Following up on my buttocks posting, Wilson Gray reminded people on ADS-L on June 21 that some people pronounce buttock(s) with a secondary accent on the final syllable (as if it were a compound), rather than with the unaccented final syllable that’s recorded in all the dictionaries I’ve seen.
Perhaps the pronunciation comes from interpreting the spelling as representing a compound, and perhaps also from treating the word as unfamiliar and therefore resistant to deaccenting — the opposite of the Familiarity Breeds Deaccenting principle that I mentioned in an April posting on metrical feet (a principle evidenced, for example, in “insider” pronunciations of the state names Wisconsin and Oregon).
I haven’t a clue as to the social or geographical distribution of this variant; it could be sporadic.
I’m sure I’ve heard other examples in which a normally unaccented syllable is elevated to secondary accent. (This is a separate phenomenon from accent shifts, where there is variation as to which syllable in a word gets the primary accent.) For the moment the prime example that comes to my mind is a British vs. American difference in the treatment of a final -ard in family names (like Willard, Woolard, and Pollard): this syllable is unaccented in American English, but British speakers regularly (though not, I think, invariably) give it a secondary accent.
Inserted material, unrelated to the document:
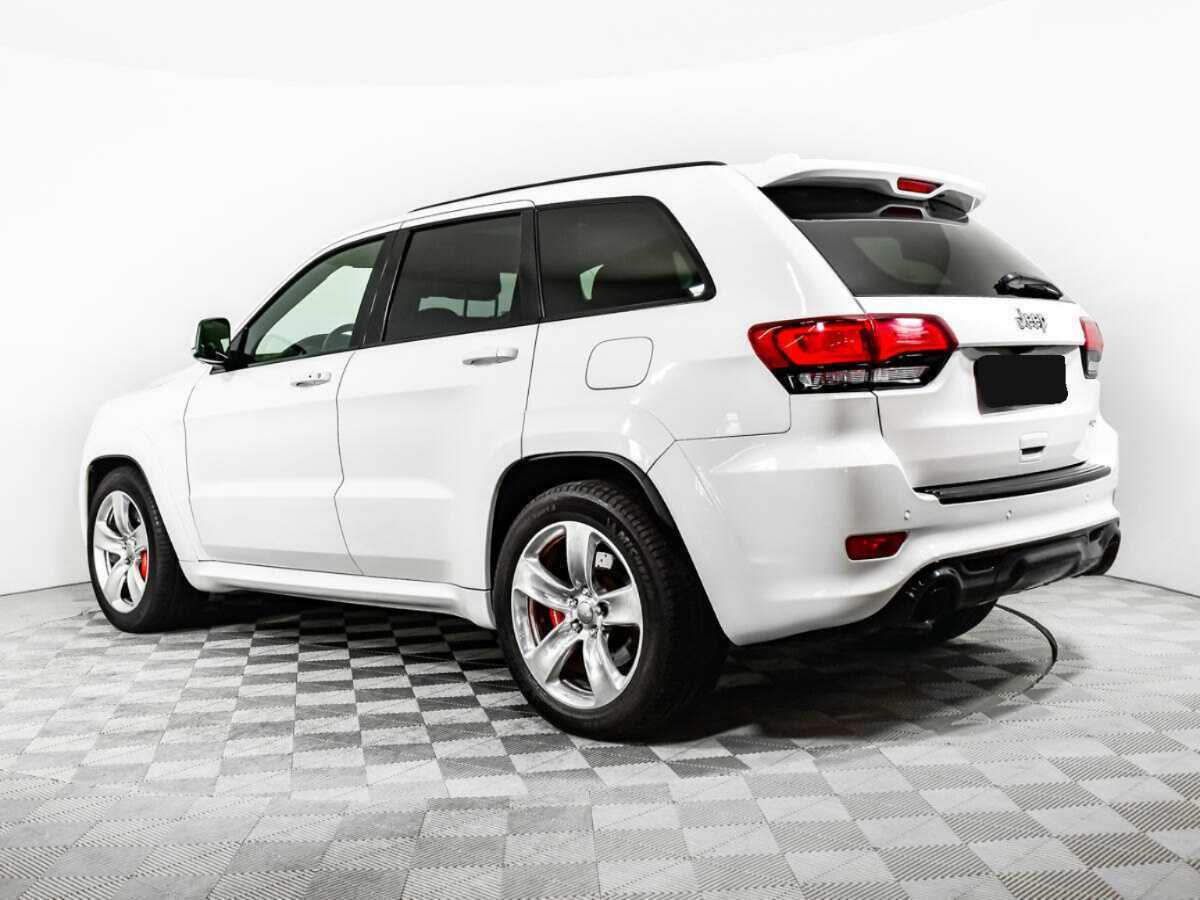 Jeep Grand Cherokee с пробегом — 2016 год. Фото: #6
(Additional complexity: I’m sure I’ve come across British speakers who have Willard as a family name with secondary accent on the final syllable, but Willard as a personal name — think of Willard Scott — with an unaccented final syllable.)
(Further complexity: Some British speakers use the secondary accent for British family names, but reproduce the preference of Americans with -ard family names — like the linguist Carl Pollard — for an unaccented final syllable.)